Nobles out: Pope dissolves Knights of Malta leadership to reform lifetime Grand Master rule

Pope Francis has dissolved the leadership of the Knights of Malta, for an election in 2023 under new rules that will no longer elect a member of the nobility as Grand Master for life

Knights of the Orderof St John
Knights of the Orderof St John

Pope Francis has dissolved the leadership of the Knights of Malta, the global Catholic religious order and humanitarian group, to instal a provisional government ahead of the election of a new Grand Master.

The papal decree comes five years after an acrimonious debate within the Order, which once commanded the islands of Malta for almost 200 years, over a new constitution that some feared would weaken its sovereignty.

The group, whose formal name is Sovereign Military Hospitaller Order of St.

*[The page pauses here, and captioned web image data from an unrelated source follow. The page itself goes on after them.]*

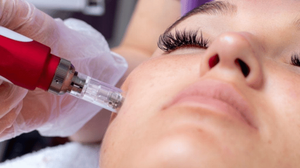 Microneedling Radio Frequency Treatment in Chennai – Benefits, Procedure, Results & Everything You Need to Know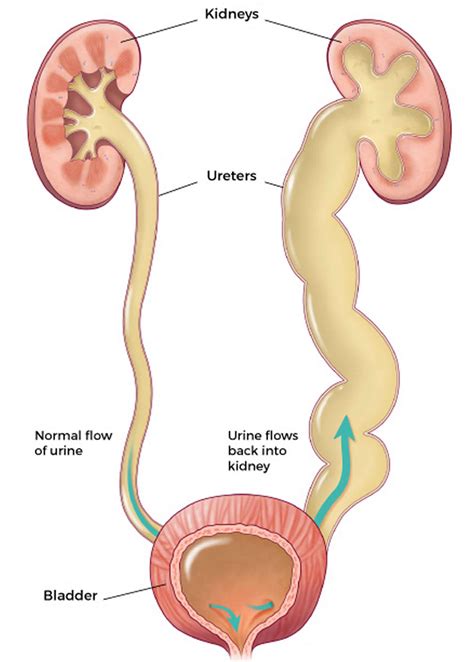 Vesicoureteral reflux causes, grading, symptoms, diagnosis & treatment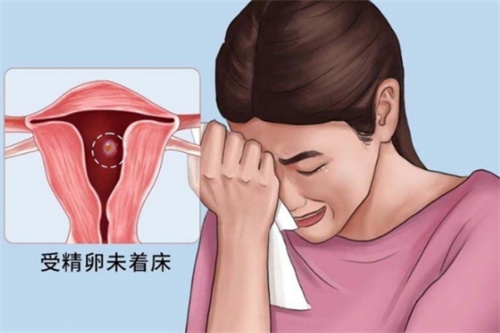 有宫颈息肉会影响试管婴儿周期吗？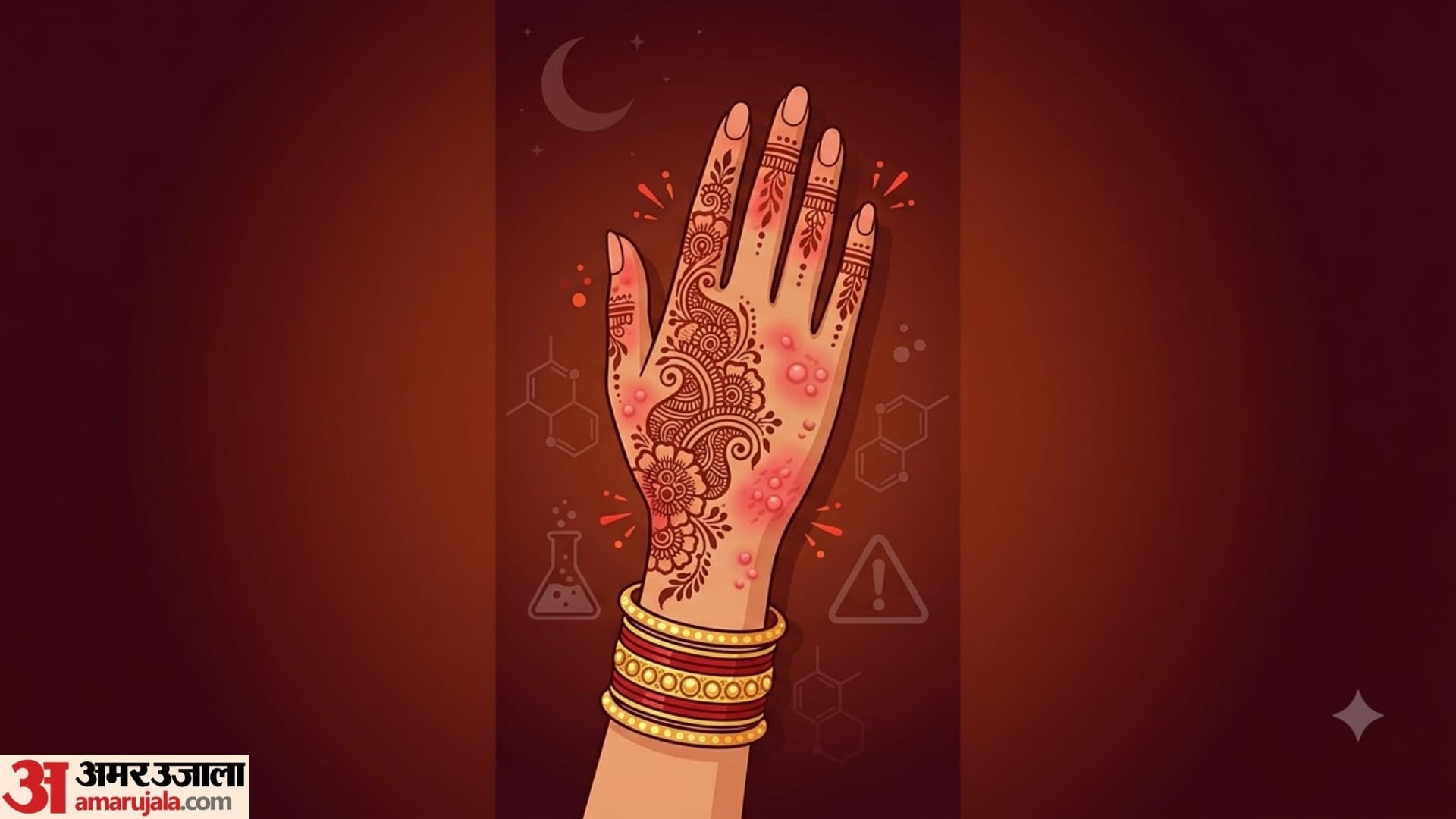 karwa chauth Mehndi Allergy: What to Do If Your Hands Burn or Itch After Applying Henna
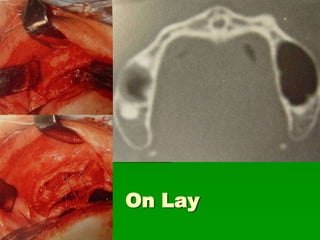 Avaliação da Altura e Largura óssea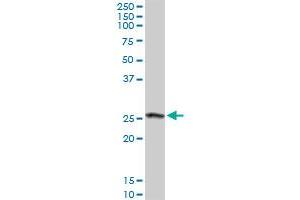 CLIC3 MaxPab rabbit polyclonal antibody. (CLIC3 anticorps  (AA 1-236))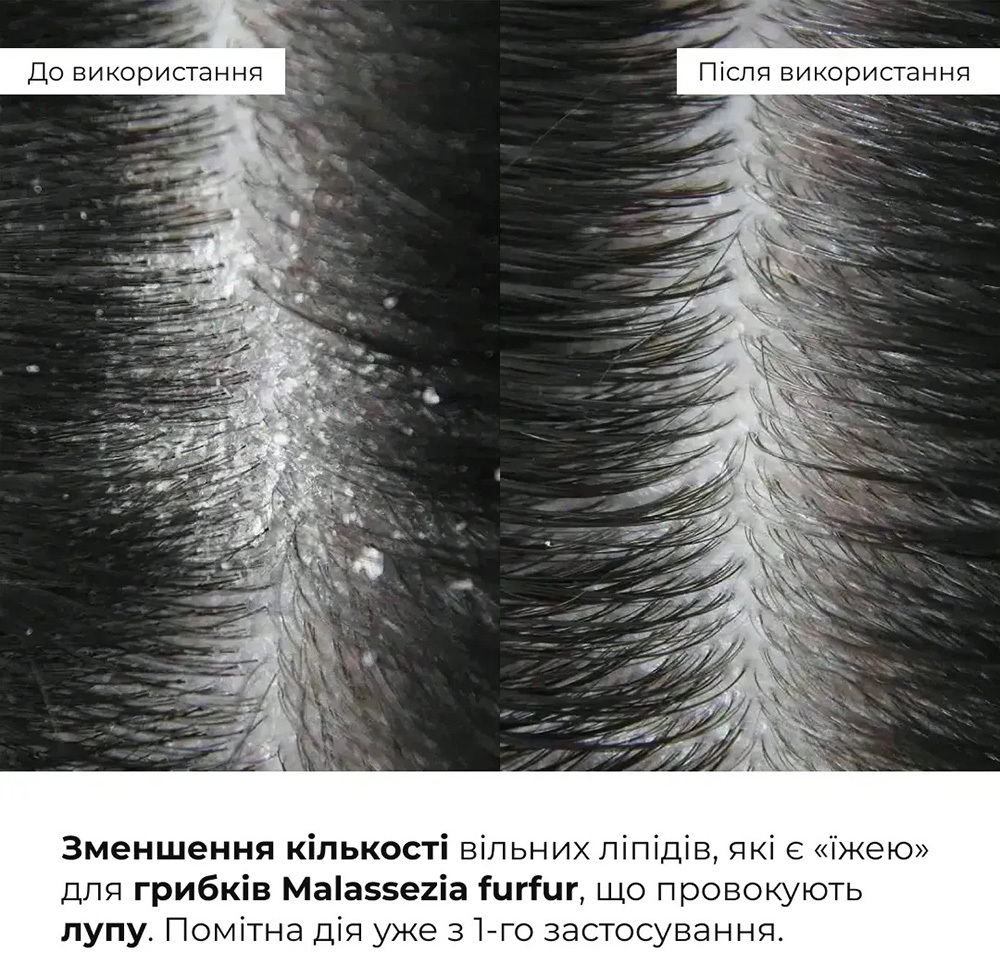 Комплекс Hillary Perfect Care Hair Nori для всех типов волос фото 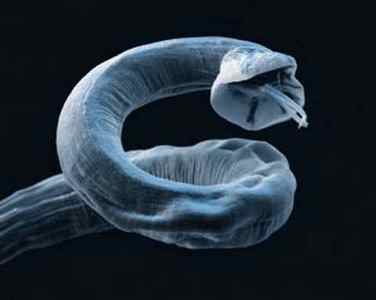 Наслідки глистів у людини: як паразити впливають на організм?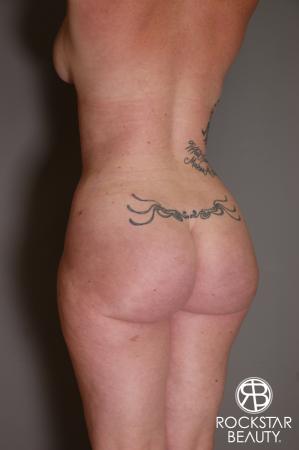 Brazilian Butt Lift: Patient 7 - After Image 4
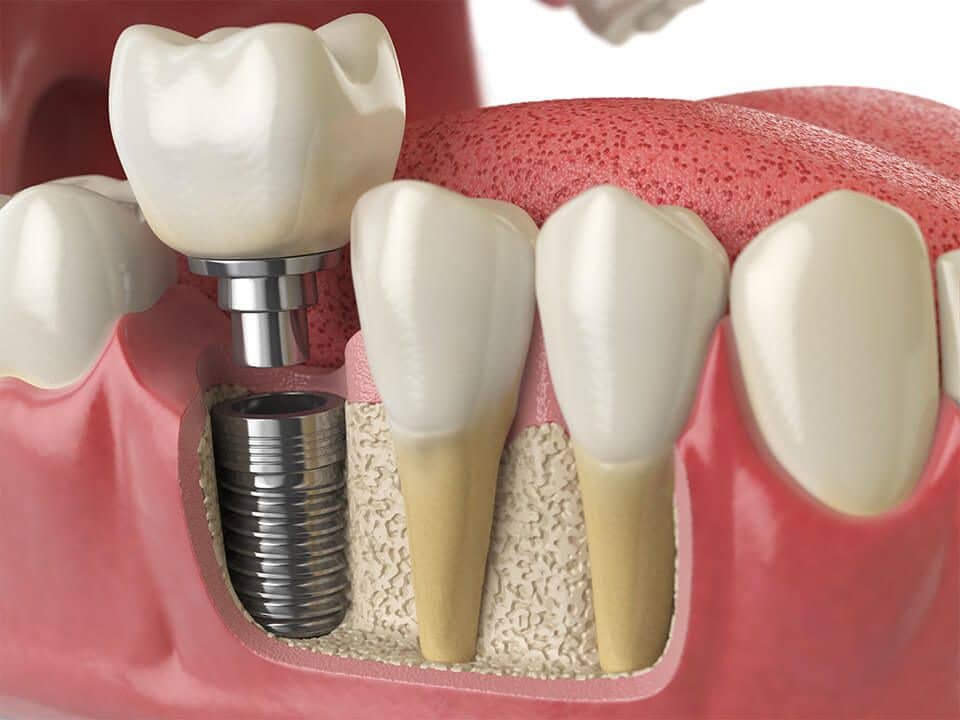 pose-implant-esthétique-dentaire-montesson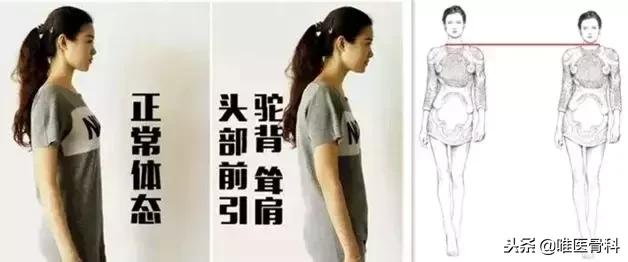 中央二台乌龟颈矫正训练,针对自己的乌龟颈怎么矫正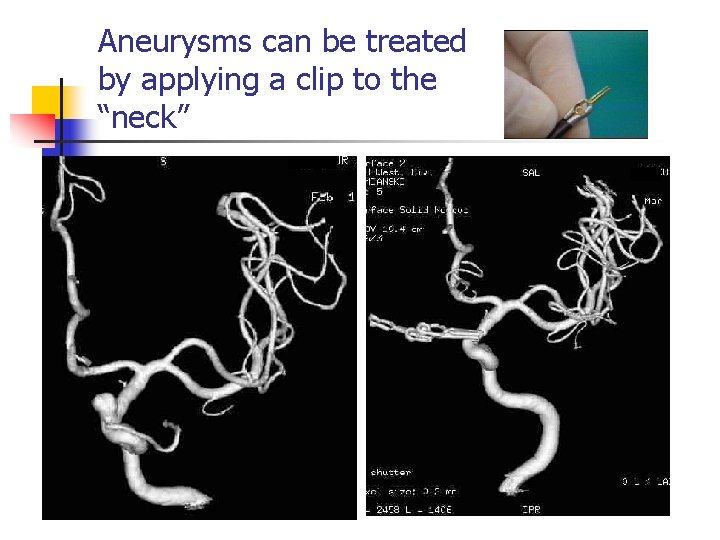 Aneurysms can be treated by applying a clip to the “neck” 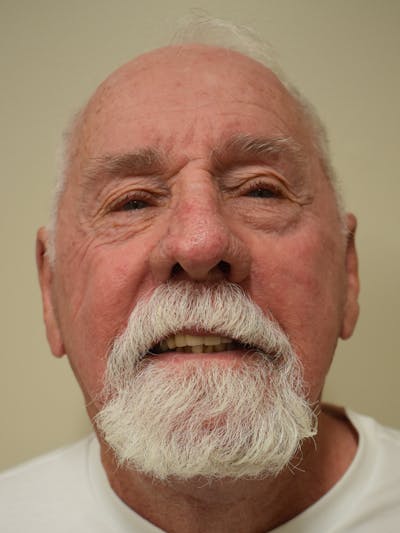 Facelift Before & After Gallery - Patient 230984 - Image 2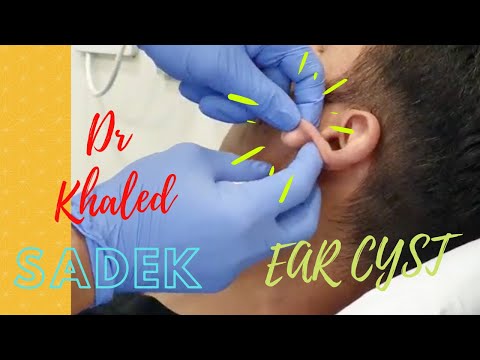 كيس أذن ضخم عمره ١٥ عام ا د خالد صادق Lipomacyst Com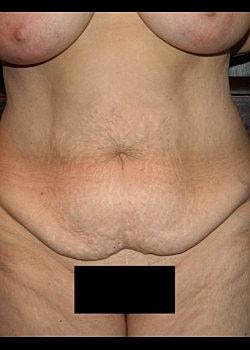 Mini Tummy Tuck before at Long Island Plastic Surgical Group in Garden City, NY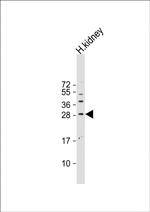 Sclerostin Antibody in Western Blot (WB)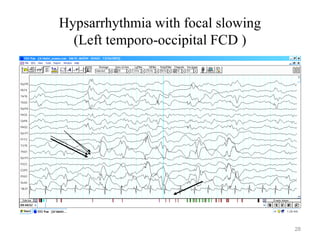 Hypsarrhythmia with focal slowing
(Left temporo-occipital FCD )
28
 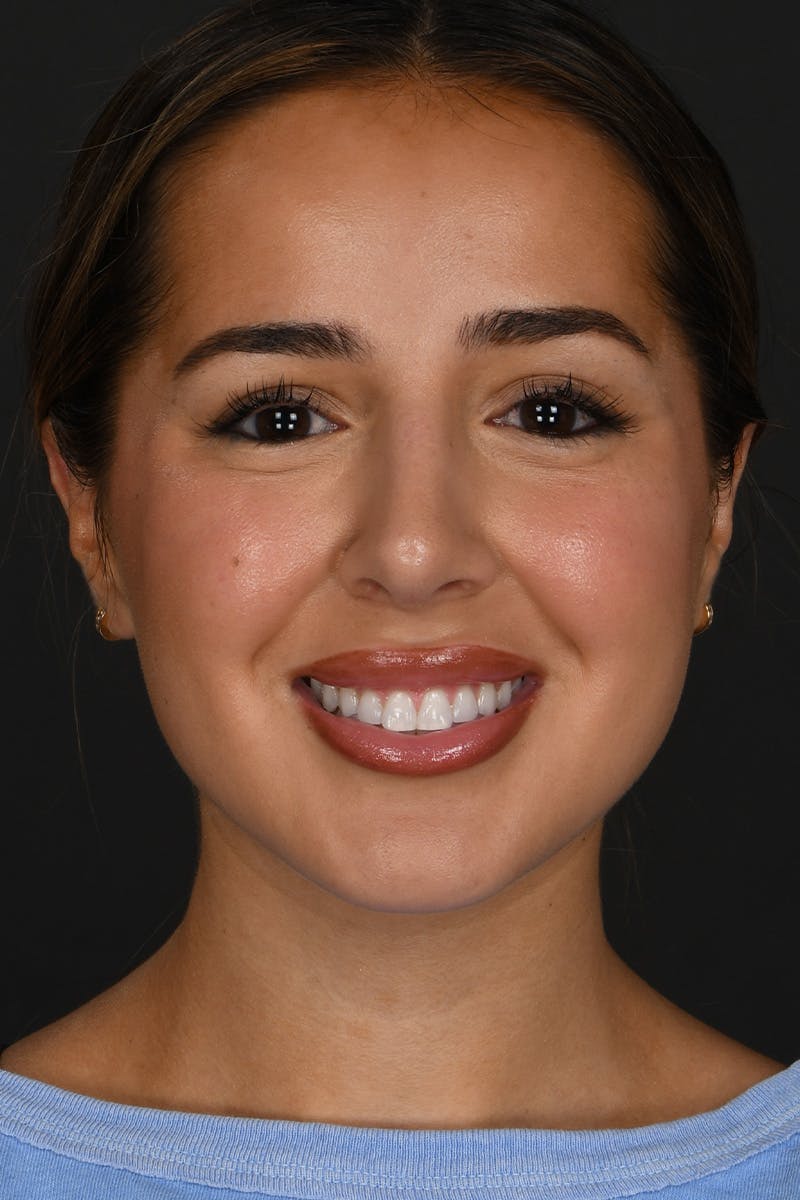 Rhinoplasty Before & After Gallery - Patient 394329 - Image 2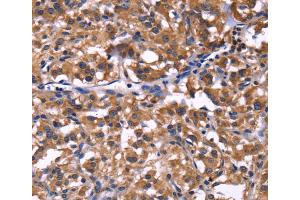 Immunohistochemistry (IHC) image for anti-Selectin P Ligand (SELPLG) antibody (ABIN2422074) (SELPLG anticorps)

John of Jerusalem, of Rhodes and of Malta, was founded in Jerusalem nearly 1,000 years ago to provide medical aid for pilgrims in the Holy Land.

Today it employes 13,500 members with a multi-million dollar budget, has 95,000 volunteers and 52,000 medical staff running refugee camps, drug treatment centres, disaster relief programmes and clinics around the world. It has been very active in helping Ukrainian refugees and war victims.

Warring knights, a moral crisis, and hidden monies

With permanent observer status at the United Nations, it maintains diplomatic relations with 110 states and acts as a neutral party in relief efforts in war zones.

And its only official territory is a palace and offices in Rome and the St Angelo fort in Malta, but is still recognised as a sovereign entity with its own passports and licence plates.

It is however still a religious order under the auspices of the Vatican.

A new Grand Master, to replace the late Giacomo Dalla Torre, who died in April, will take place in March 2023.

The new constitution will now eliminate the nobility rule as well as the tradition of Grand Masters being elected for life: previously, top Knights and the Grand Master were required to have noble lineage, something that excluded nearly everyone except Europeans from serving in top roles.

Future Grand Masters will be elected for 10-year terms, renewable only once, and will have to step down at age 85.

Past clashes with Francis

In 2016 the Knights sent Pope Francis an extraordinary rebuke after the Holy See appointed a commission to investigate the sacking of its Grand Chancellor.

Pope Francis set up a special committee to investigate discord within the Knights of Malta, after the grand master of the venerable order, Matthew Festing, ousted its ‘foreign minister’ Albrecht von Boeselager.

Von Boeselager was replaced by the Maltese knight John Critien, who took up the prominent position in the Order’s magistry.

Von Boeselager, who as Grand Chancellor was the number three in the Order, was reported to have told friends he had been accused of not following the Church’s teaching on the distribution of condoms in Africa. Italian daily Il Messaggero said the scandal concerned von Boeselager’s tenure as health minister and claims that he didn’t prevent the order’s workers in Africa from distributing condoms.